Output all records exactly, with no images.

BEGIN Supplied entries

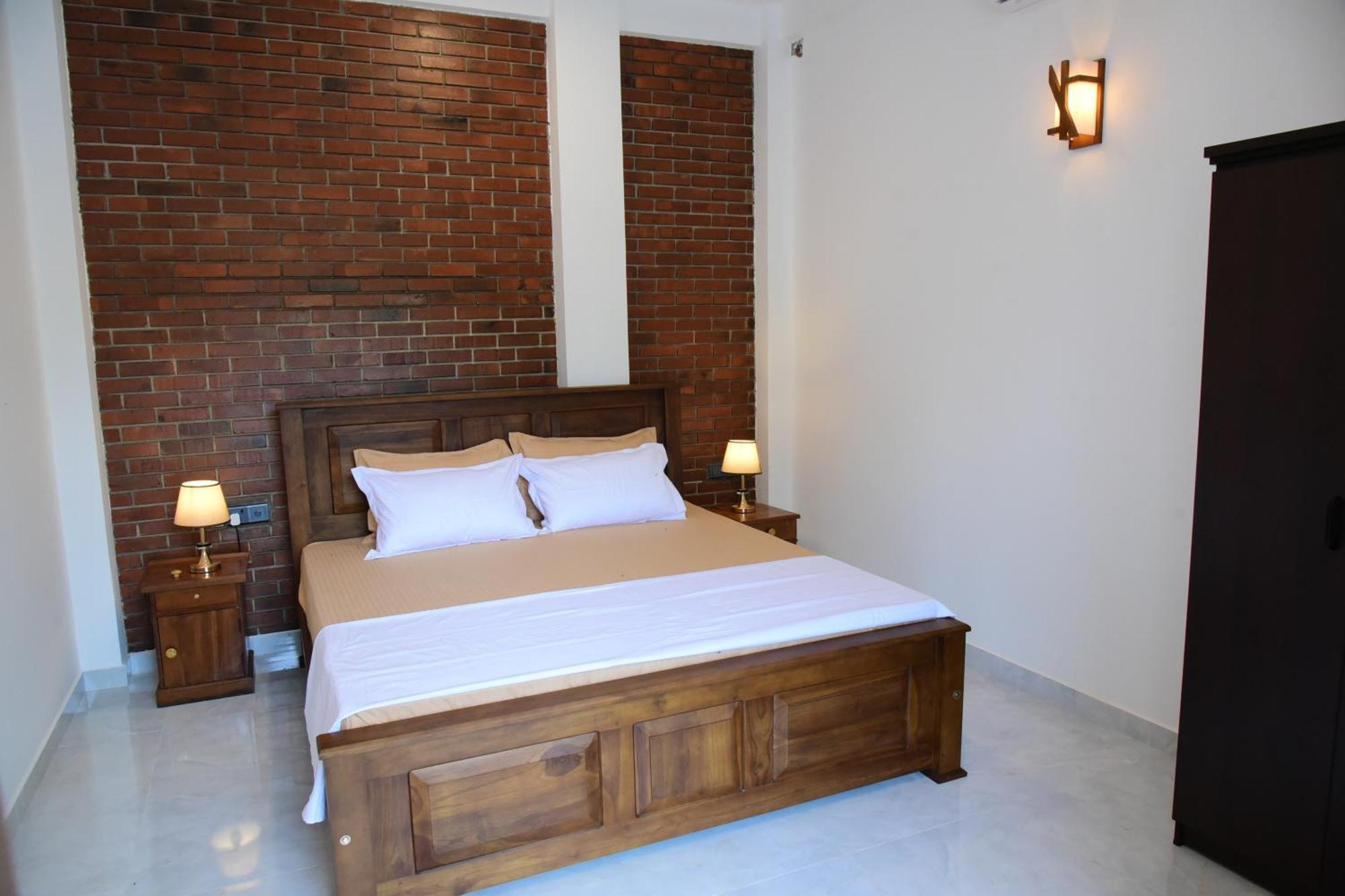 Ocean Ripples Hotel Hikkaduwa Kültér fotó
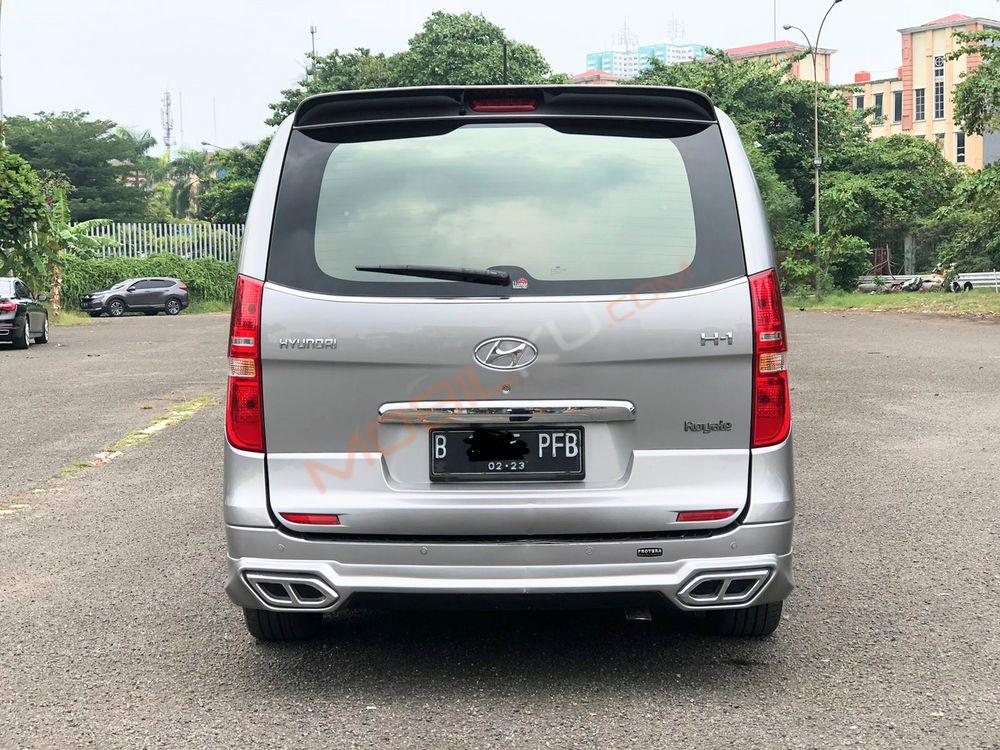 Mobil Hyundai H-1 2018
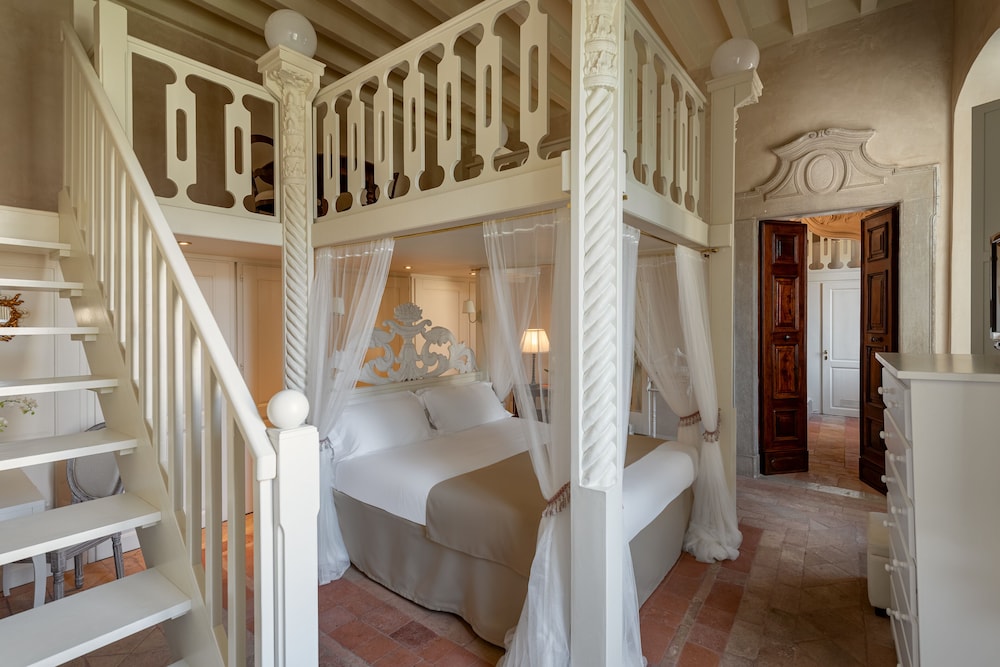 Suite - Photo 1
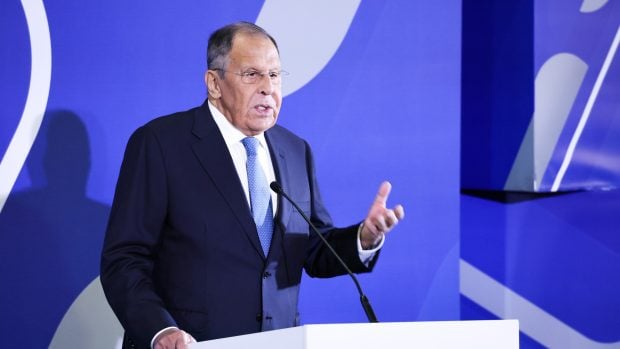 Lavrov acuză Germania de război real împotriva Rusiei și amenință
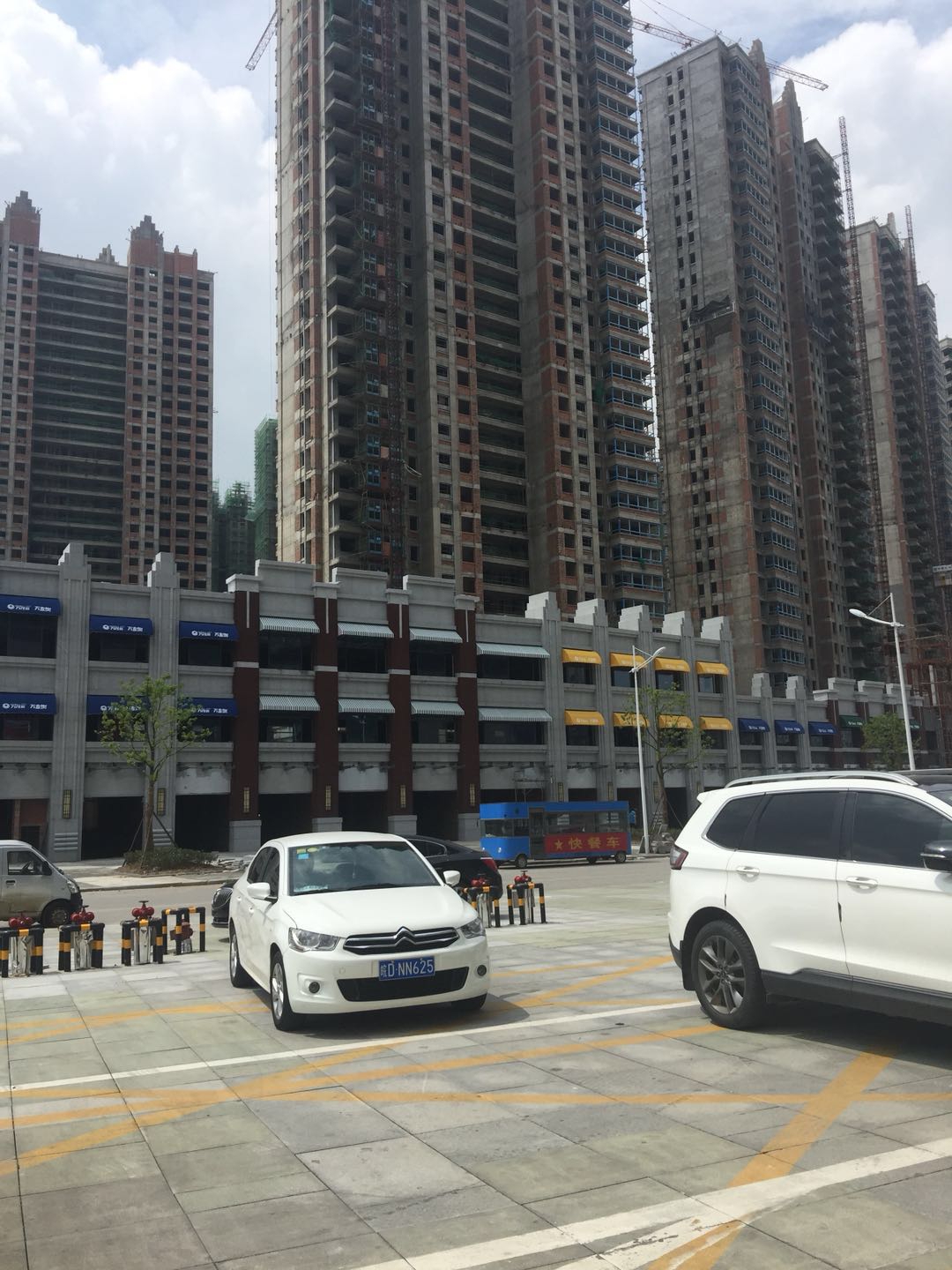 中央美域 68平临街旺铺 南向简装 优质地段人流密集_25
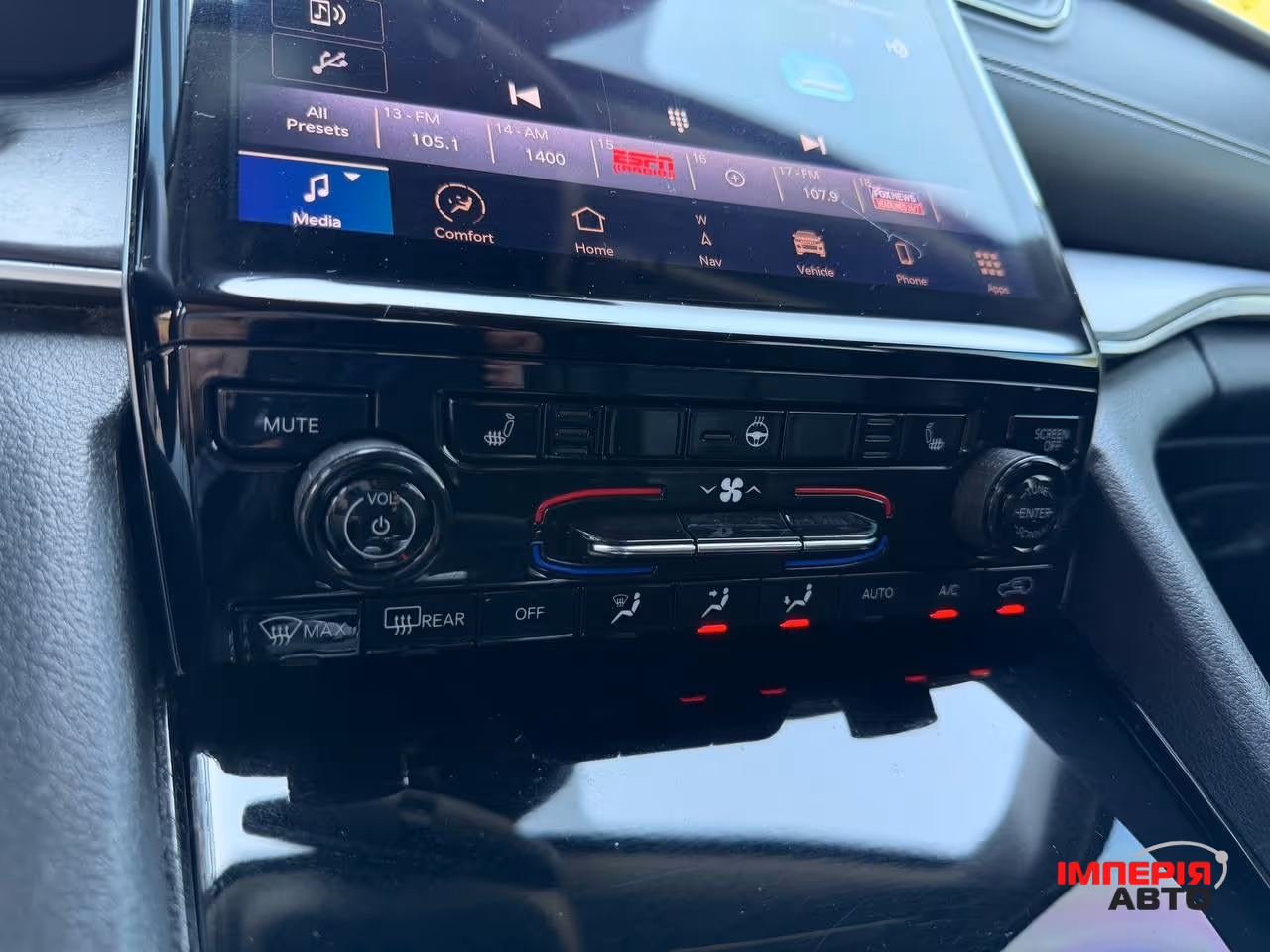 Jeep Grand Cherokee - фото 29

END Supplied entries

▸ Task output
 Ocean Ripples Hotel Hikkaduwa Kültér fotó
 Mobil Hyundai H-1 2018
 Suite - Photo 1
 Lavrov acuză Germania de război real împotriva Rusiei și amenință
 中央美域 68平临街旺铺 南向简装 优质地段人流密集_25
 Jeep Grand Cherokee - фото 29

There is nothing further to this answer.